Transcribe all the entries word for word, but omit the images.

(Image-caption web data)
Start of Block
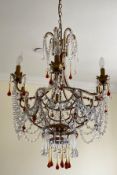 Three large modern chandeliers, to include one with beaded strings and red glass drops (some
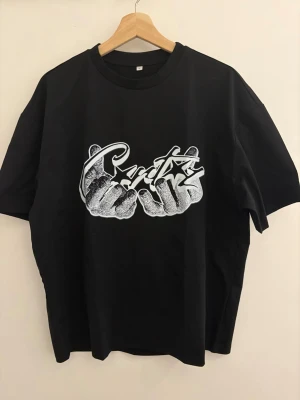 Corteiz t-shirt med grafiskt tryck - Cool svart t-shirt med ett stort vitt grafiskt tryck framtill som föreställer två händer och text i streetstil. T-shirten har rund hals och korta ärmar. Perfekt för dig som gillar streetwear och vill sticka ut.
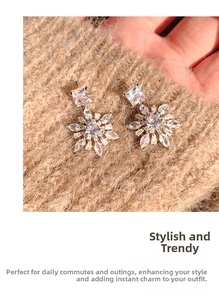 Macro shot of silver snowflake drop earrings with sparkling zircon on a warm knit background
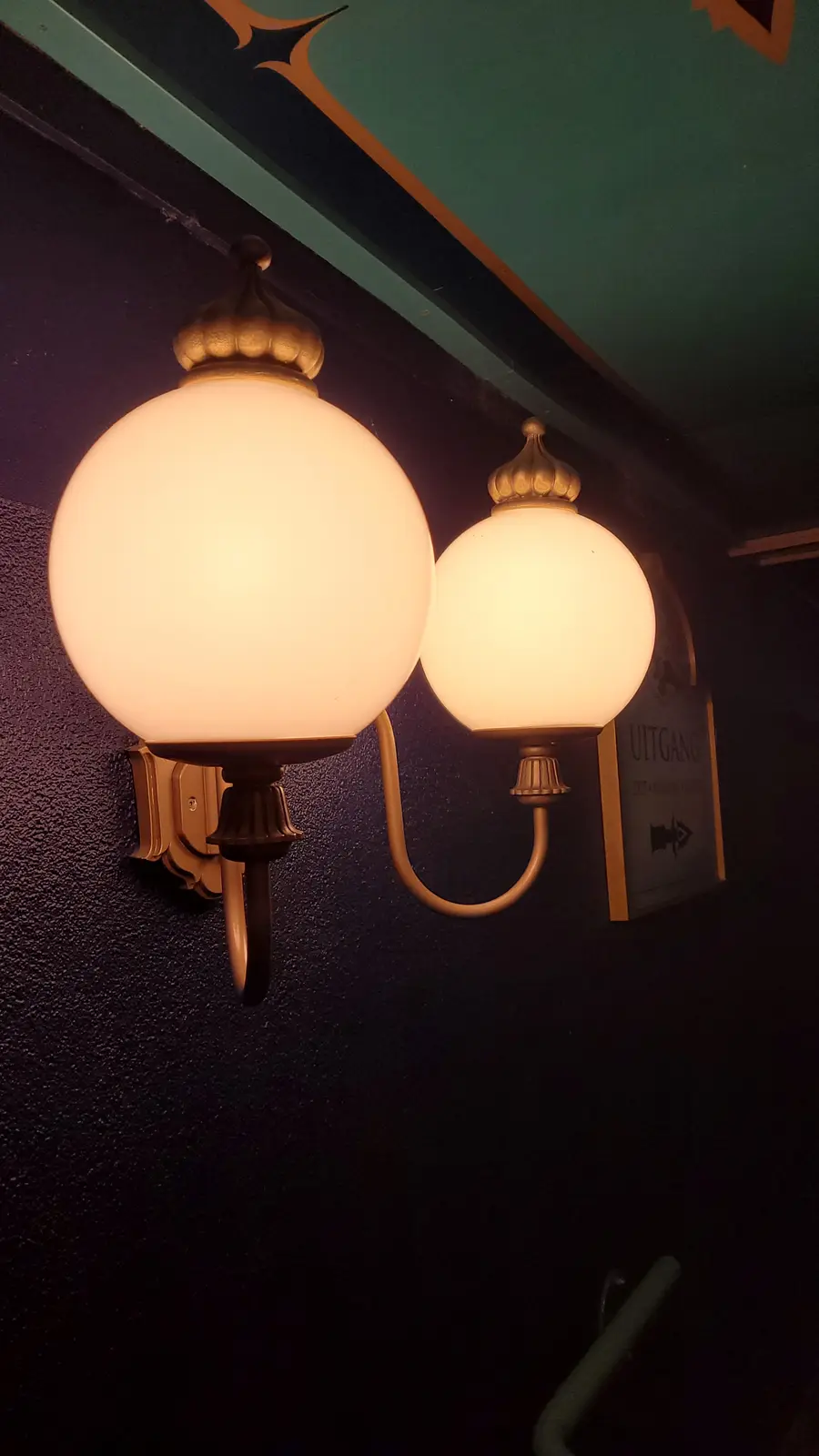 Two glowing, spherical wall-mounted lamps with brass fixtures are mounted side-by-side on a dark textured wall, next to a…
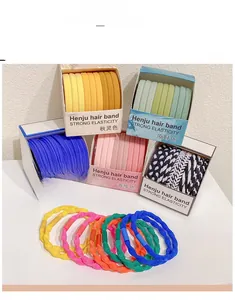 Detail of high elasticity colorful hair bands in assorted shades and spiral textures
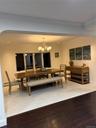Dining room with a notable chandelier, ornamental molding, arched walkways, light wood finished floors, and baseboards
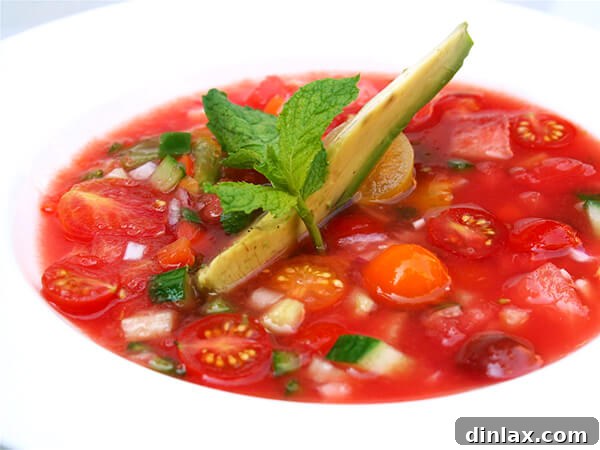A vibrant bowl of chilled watermelon gazpacho, a refreshing and unique summer starter.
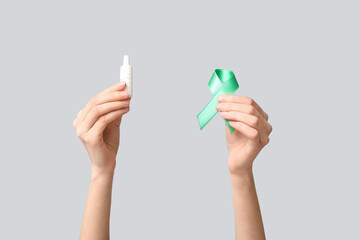 Female hands with green ribbon and eye drops on grey background. Glaucoma awareness concept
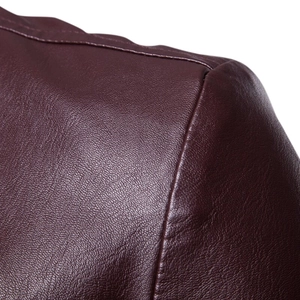 Macro shot of burgundy leather jacket shoulder showing grain texture and stitching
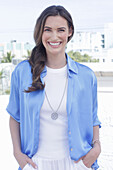 Young woman in white t-shirt and blue long blouse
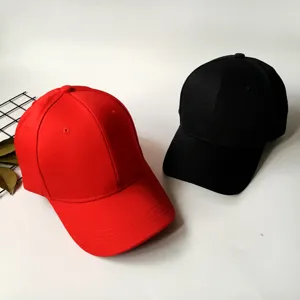 Two classic cotton baseball caps in red and black colors for casual sun protection style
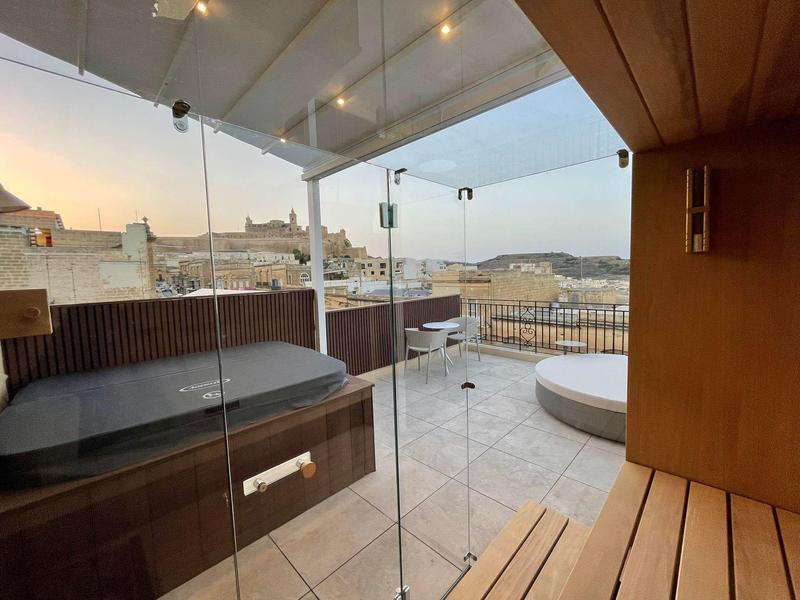 Terasa se skleněnými stěnami, lavičkou a lehátkem s výhledem na město při západu slunce.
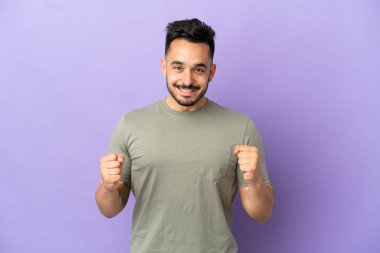 Mor arka planda izole edilmiş genç beyaz adam galibiyeti kutluyor.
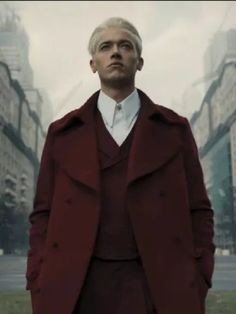 a man in a red coat is standing in the middle of a city with tall buildings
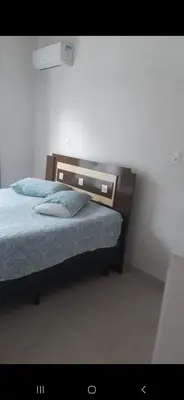 Uma cama ou camas num quarto em Casa do Zeca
End of Block
▶ [ANSWER AREA]:
 Three large modern chandeliers, to include one with beaded strings and red glass drops (some
 Corteiz t-shirt med grafiskt tryck - Cool svart t-shirt med ett stort vitt grafiskt tryck framtill som föreställer två händer och text i streetstil. T-shirten har rund hals och korta ärmar. Perfekt för dig som gillar streetwear och vill sticka ut.
 Macro shot of silver snowflake drop earrings with sparkling zircon on a warm knit background
 Two glowing, spherical wall-mounted lamps with brass fixtures are mounted side-by-side on a dark textured wall, next to a…
 Detail of high elasticity colorful hair bands in assorted shades and spiral textures
Dining room with a notable chandelier, ornamental molding, arched walkways, light wood finished floors, and baseboards
A vibrant bowl of chilled watermelon gazpacho, a refreshing and unique summer starter.
 Female hands with green ribbon and eye drops on grey background. Glaucoma awareness concept
 Macro shot of burgundy leather jacket shoulder showing grain texture and stitching
 Young woman in white t-shirt and blue long blouse
 Two classic cotton baseball caps in red and black colors for casual sun protection style
 Terasa se skleněnými stěnami, lavičkou a lehátkem s výhledem na město při západu slunce.
 Mor arka planda izole edilmiş genç beyaz adam galibiyeti kutluyor.
 a man in a red coat is standing in the middle of a city with tall buildings
 Uma cama ou camas num quarto em Casa do Zeca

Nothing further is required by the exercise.